◆ What you should do ◆
Return the following lines and nothing else: the one holding "Listing Photo 42" and all those after it in the records below, unchanged, minus any pictures.

++++ Available data ++++

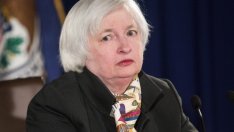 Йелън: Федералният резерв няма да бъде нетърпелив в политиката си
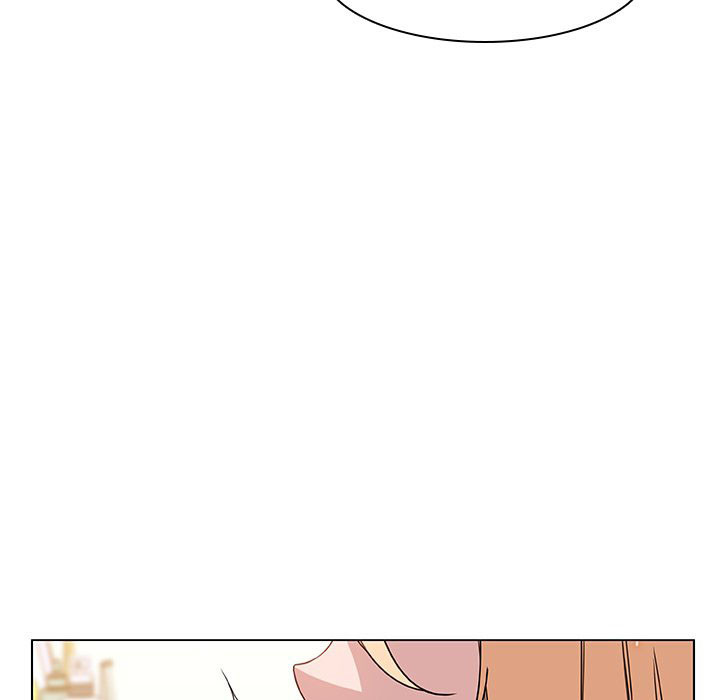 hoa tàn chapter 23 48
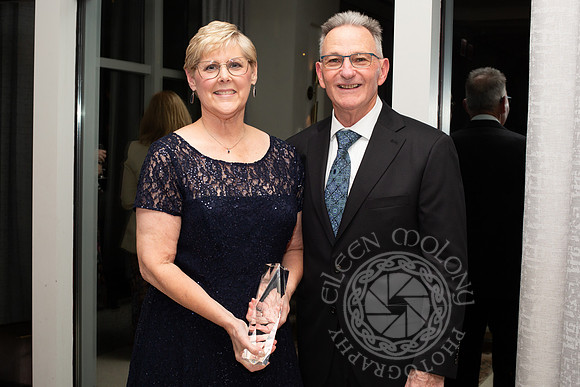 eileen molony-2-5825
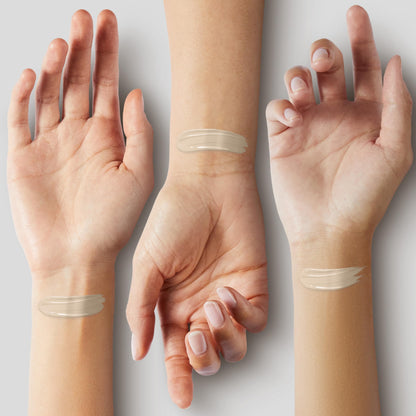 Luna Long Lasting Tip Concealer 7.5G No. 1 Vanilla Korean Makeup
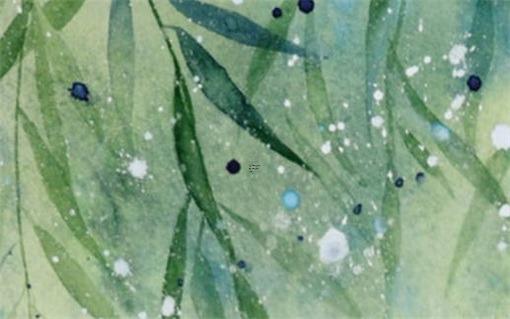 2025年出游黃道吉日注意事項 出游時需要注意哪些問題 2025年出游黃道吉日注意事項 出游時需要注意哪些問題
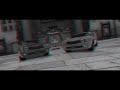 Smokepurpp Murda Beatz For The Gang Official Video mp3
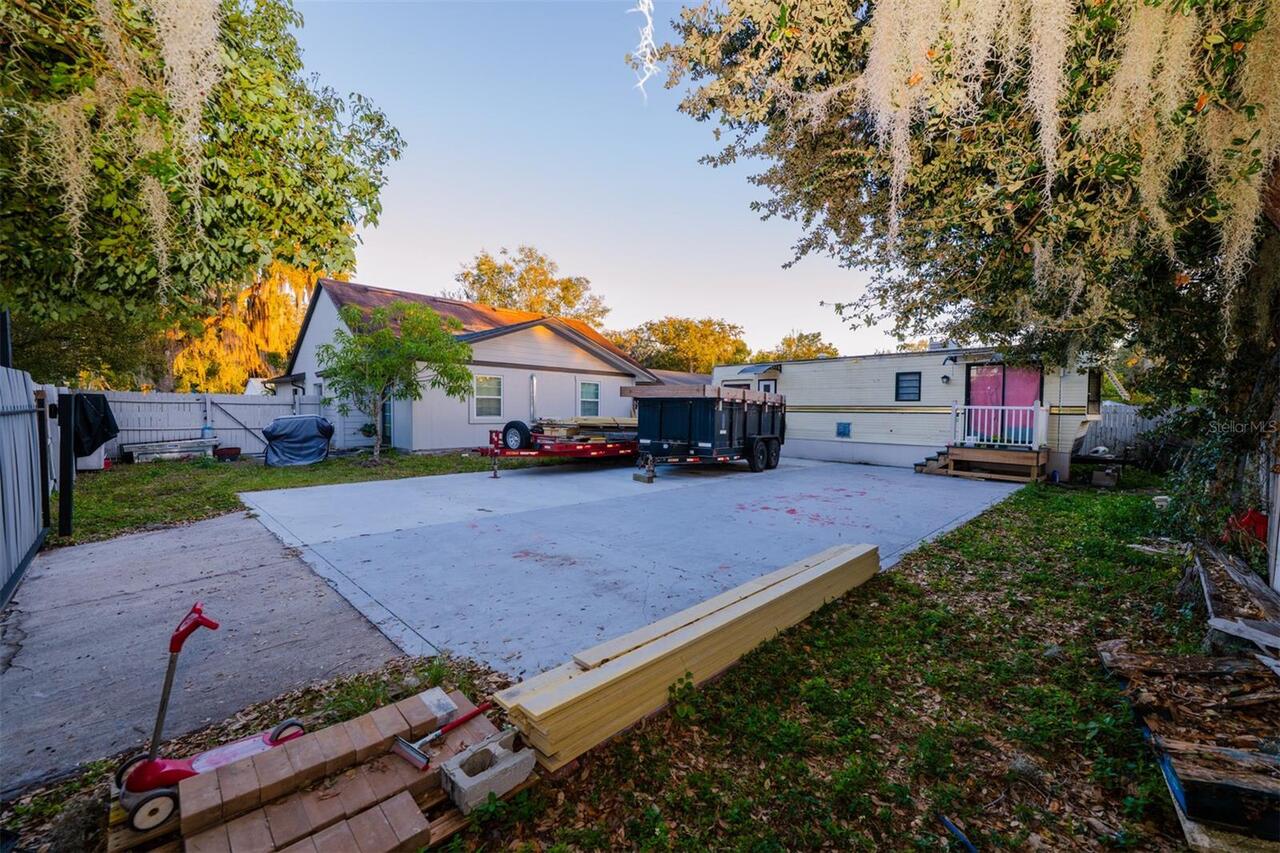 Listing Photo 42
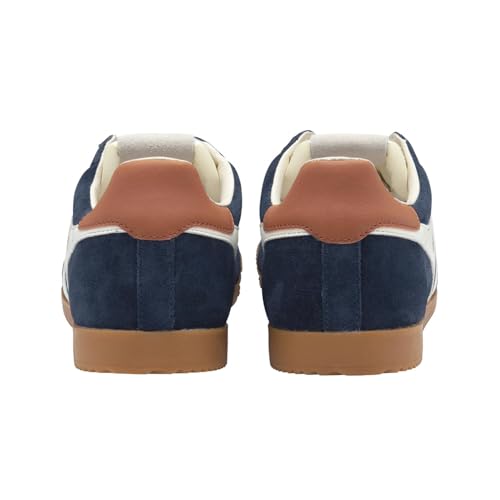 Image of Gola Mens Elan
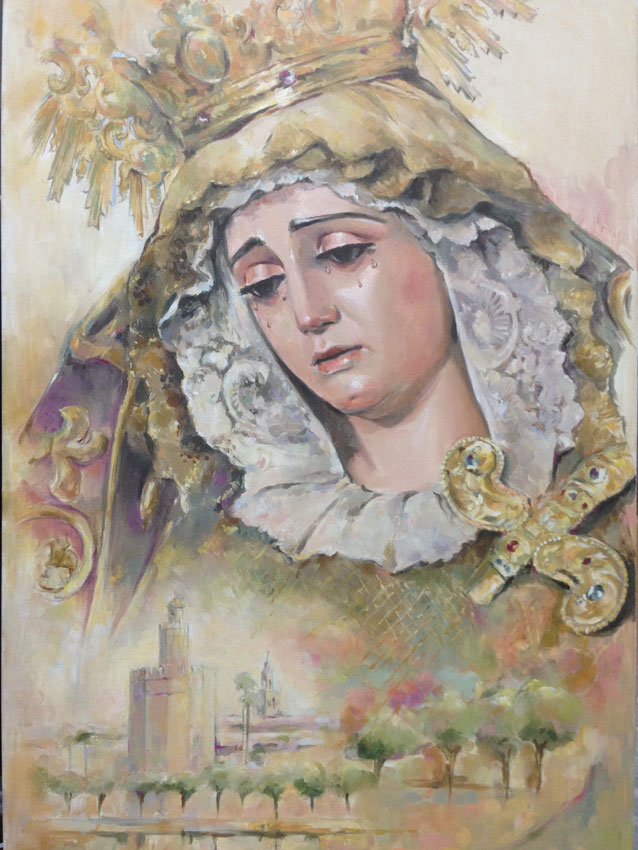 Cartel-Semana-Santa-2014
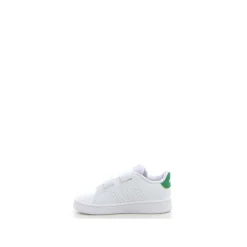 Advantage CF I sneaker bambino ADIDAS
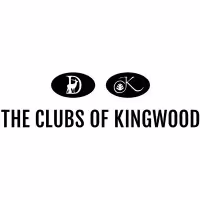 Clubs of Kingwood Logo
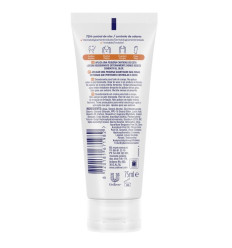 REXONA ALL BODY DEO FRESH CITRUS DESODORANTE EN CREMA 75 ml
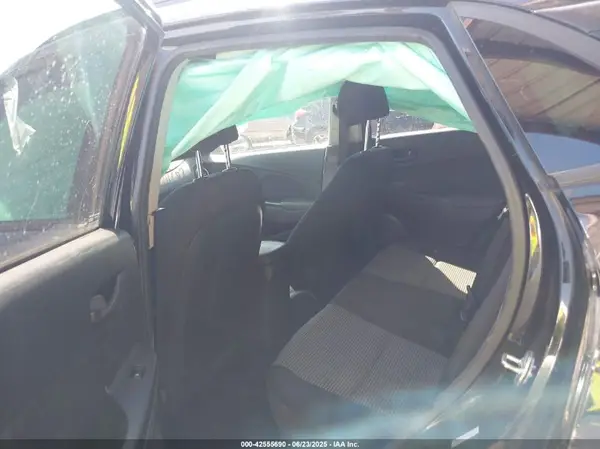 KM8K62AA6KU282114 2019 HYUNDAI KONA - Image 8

++++

◆ Expected answer ◆
 Listing Photo 42
 Image of Gola Mens Elan
 Cartel-Semana-Santa-2014
 Advantage CF I sneaker bambino ADIDAS
 Clubs of Kingwood Logo
 REXONA ALL BODY DEO FRESH CITRUS DESODORANTE EN CREMA 75 ml
 KM8K62AA6KU282114 2019 HYUNDAI KONA - Image 8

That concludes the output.